Collection entries
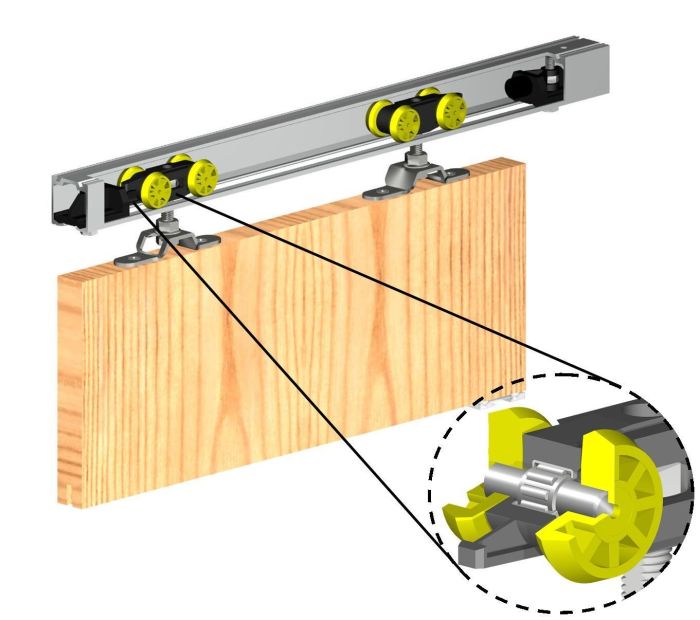 Harga rel pintu sliding terbaru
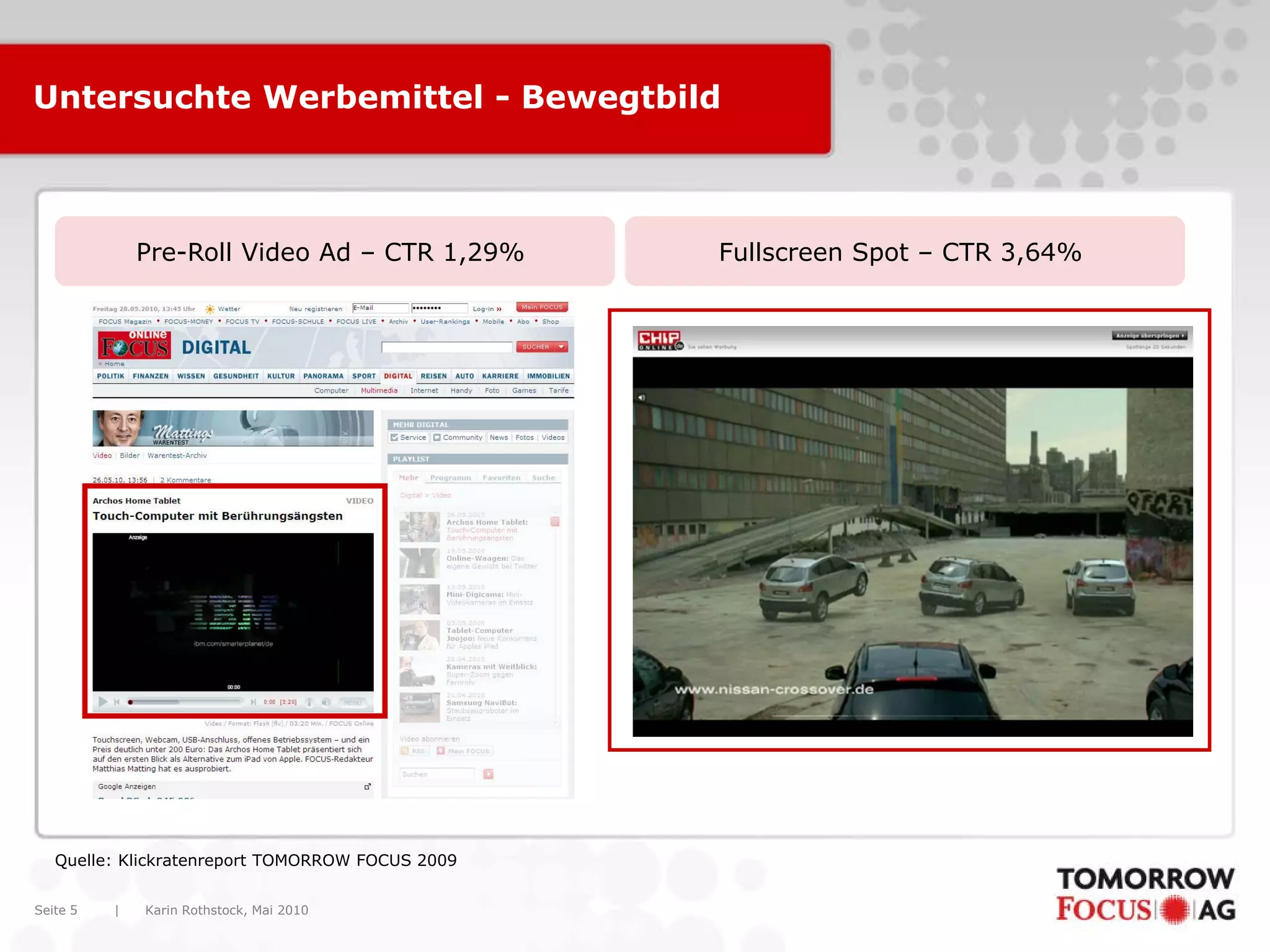 Karin Rothstock, Mai 2010|Seite 5
Untersuchte Werbemittel - Bewegtbild
Pre-Roll Video Ad – CTR 1,29% Fullscreen Spot – CTR 3,64%
Quelle: Klickratenreport TOMORROW FOCUS 2009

**WHAT TO DO**: Please set down each entry word for word, without its images.

**REPLY TO THE TASK**:
 Harga rel pintu sliding terbaru
 Karin Rothstock, Mai 2010|Seite 5
Untersuchte Werbemittel - Bewegtbild
Pre-Roll Video Ad – CTR 1,29% Fullscreen Spot – CTR 3,64%
Quelle: Klickratenreport TOMORROW FOCUS 2009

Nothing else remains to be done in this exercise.